Regarding Claims 3-4, 10-11, and 17-18, Hakkani-Tur does not disclose wherein the at least one processor is further configured to: prompt for clarification of the new concept; and perform slot filling for the identified word or phrase based at least partially on the clarification of the new concept.  
Pitschel discloses a computer system with a natural language processor that attempts to associate token sequence of speech to text processing of user speech input with one or more actionable intent (Col 10, Rows 6-11) by prompting the user for clarification of new concept and perform an action / slot filling for identified word or phrase based at least partially on the clarification of the new concept (Col 20, Rows 26-36, NLP 332 cannot infer an actionable intent for “Ring my wife” and request the user with a clarification “Did you mean to call your wife?”; in response to clarification “Yes, I did”, alter a relationship between nodes within ontology 360 to relate the word “ring” to “call” property node).
It would’ve been obvious to one ordinarily skilled in the art before the effective filing date of the invention to prompt for clarification of the new concept in order to add new intents (Pitschel, Col 11, Rows 45-51; Hakkani-Tur, ¶119, infer intent for linguistic item whose intent is not known) in order to further expand the capabilities of the computer system to successfully respond to user requests (Pitschel, Col 16, Rows 26-39).

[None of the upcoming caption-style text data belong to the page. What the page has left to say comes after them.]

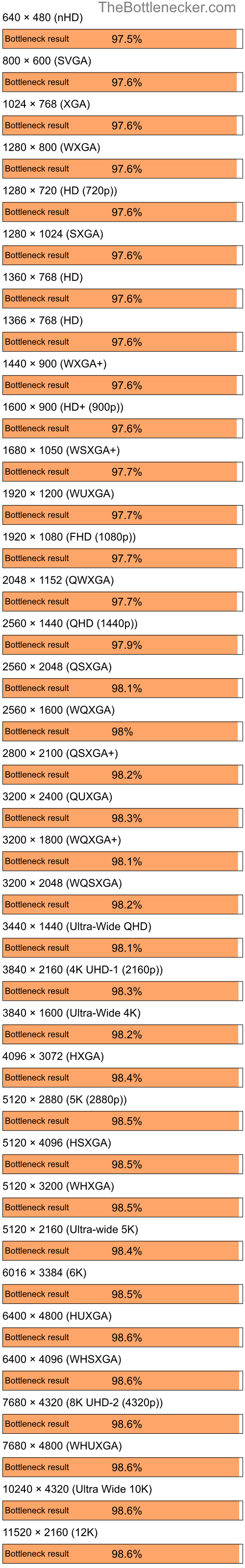 Bottleneck results by resolution for AMD Ryzen 7 5700G and NVIDIA GeForce 6200 LE in7 Days to Die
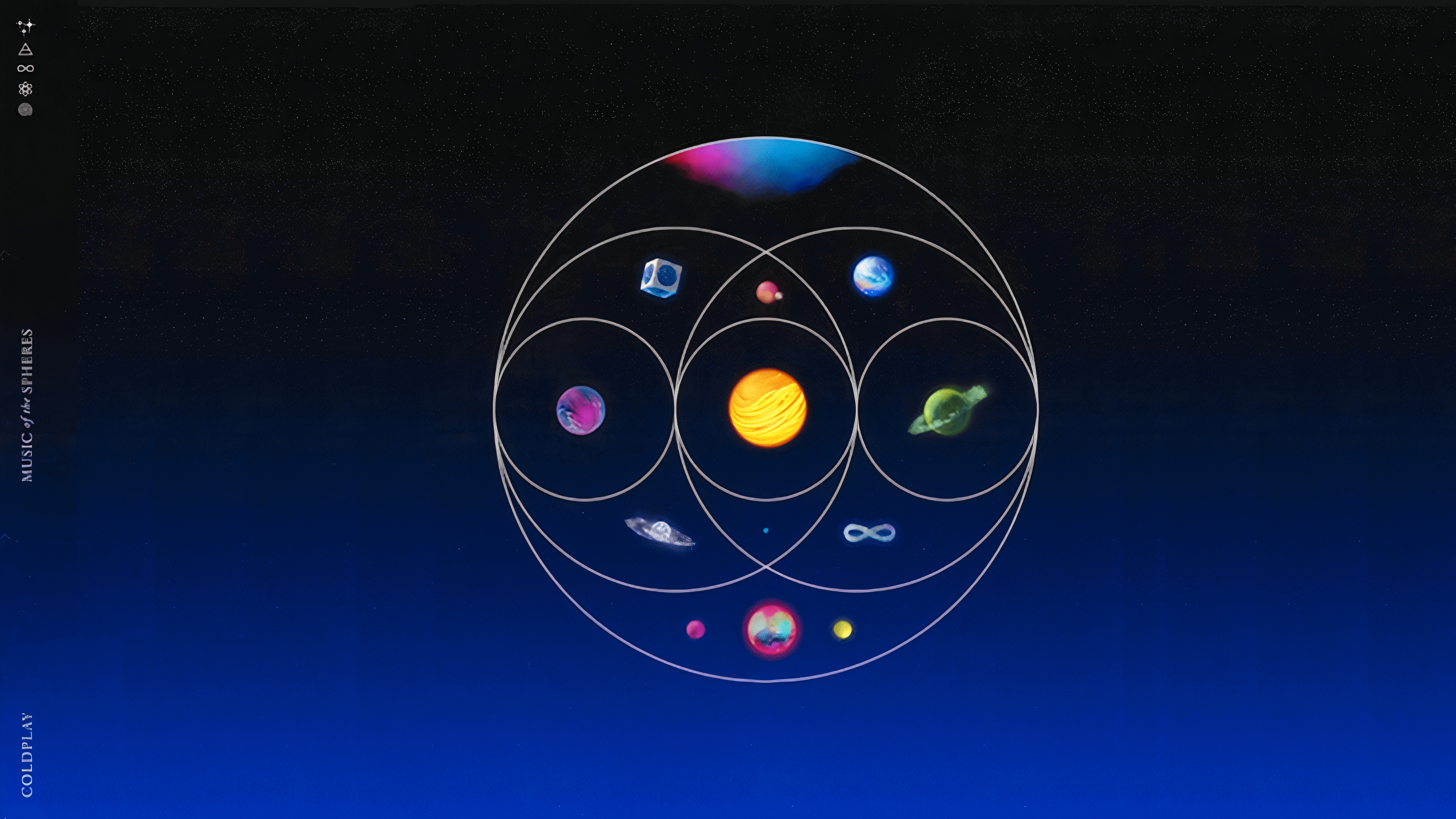 Coldplay Of The Spheres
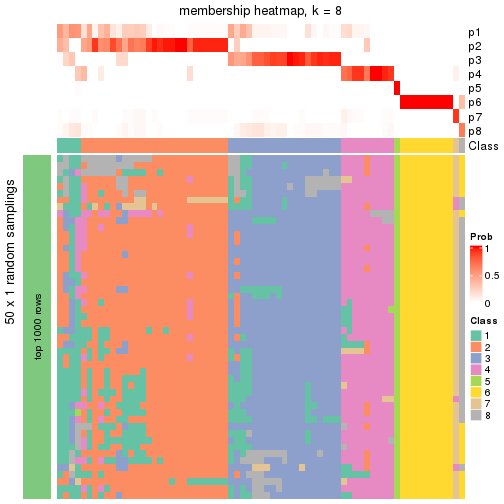 plot of chunk tab-node-023-membership-heatmap-7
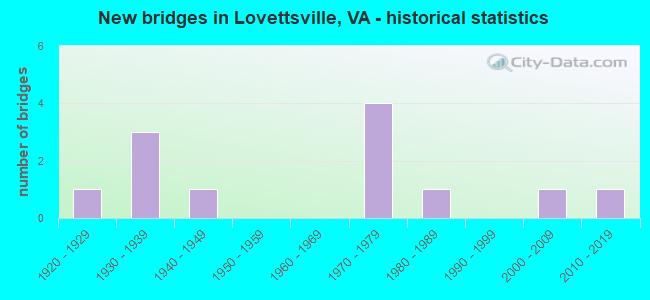 New bridges in Lovettsville, VA - historical statistics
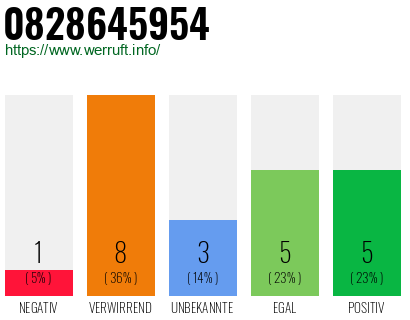 Rufnummer 0828645954 Telefonnummer 0828645954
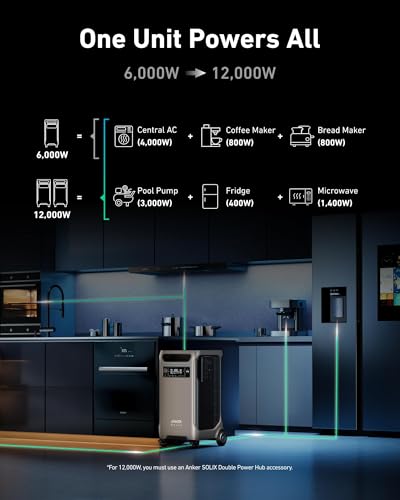 Anker SOLIX F3800 Portable Power Station with Home Power Panel, 120V/240V Dual Voltage, 7680Wh Whole-Home Backup, 12000W AC Output, Solar Generator, RV, Emergencies, Power Outages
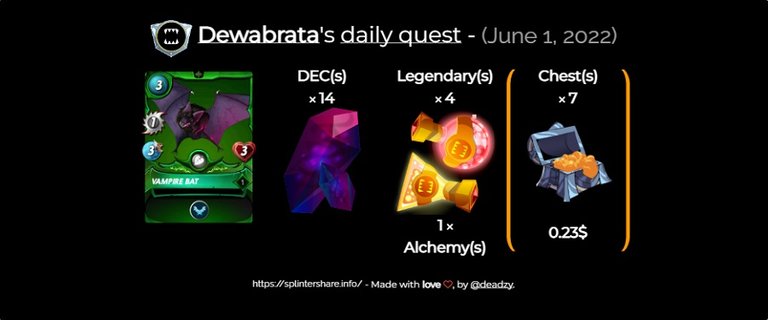 daily quest 1 june.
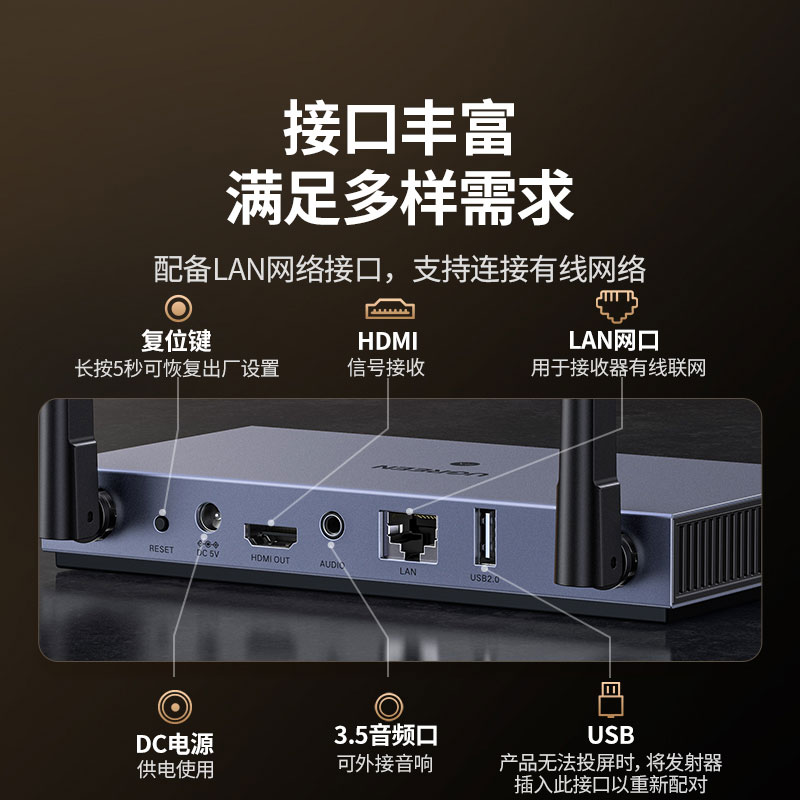 绿联企业级点对点1080p无线投屏器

Regarding Claims 5, 12, and 19, Hakkani-Tur as modified by Pitschel discloses wherein the at least one processor is further configured to: prompt for clarification of the new concept (Pitschel, Col 16, Rows 26-34 ); and retrain at least one of the NLU model and the confidence calibration based at least partially on the clarification of the new concept (Pitschel, Col 16, Rows 26-34, training module configured to alter or adjust parameters of natural language processing; Hakkani-Tur, ¶57, ¶60, and ¶120, a model building module can train a language understanding model using the new intent and use to assign new labels to input data to yield a new and more robust version of the first set 202 of linguistic items / user speech input having known intent labels).  
Claims 6, 13, and 20 are rejected under 35 USC 103 for being unpatentable over Hakkani-Tur et al. (US 2015/0227845 A1) in view of Elbayad et al. (“Token-level and sequence-level loss smoothing for RNN language models”) and Makashir et al. (US 11195522 B1).
Regarding claims 6, 13, and 20, Hakkani-Tur discloses retrain the NLU model (¶60 and ¶120, using new intent information to progressively improve the accuracy of the language understanding model to generate a new and more robust version of the first set 202 of linguistic items having known intent labels) and retrain the confidence calibration based on the calibrated slot probability distribution (¶110, determines the divergence between the posterior distribution p and the variational distribution q, adjust the variational parameters based on the divergence until he divergence measure reaches a prescribed convergence target).
Hakkani-Tur does not disclose retrain the NLU model to minimize sequence loss in the NLU model and retrain the confidence calibration to maximize entropy loss based on the calibrated slot probability distributions.  
Elbayad teaches implementing recurrent neural network language models for natural language generation tasks (Abstract, 1. Introduction) by training the RNN models to minimize sequence loss (3.2 Sequence-level loss smoothing, see equation (9) for sequence level smoothed loss function).
Hakkani-Tur discloses implementing machine learning techniques to generate L-A model / language understanding model includes neural networks (¶56 and ¶79)
It would’ve been obvious to one ordinarily skilled in the art before the effective filing date of the invention to generate or retrain L-A / language understanding models implemented in neural networks using sequence loss smoothing / minimization of Elbayad in order to significantly speeds up training (Elbayad, I. Introduction, “For sequence level smoothing, we propose to use restricted token replacement vocabularies, and a “lazy evaluation” method that significantly speeds up training).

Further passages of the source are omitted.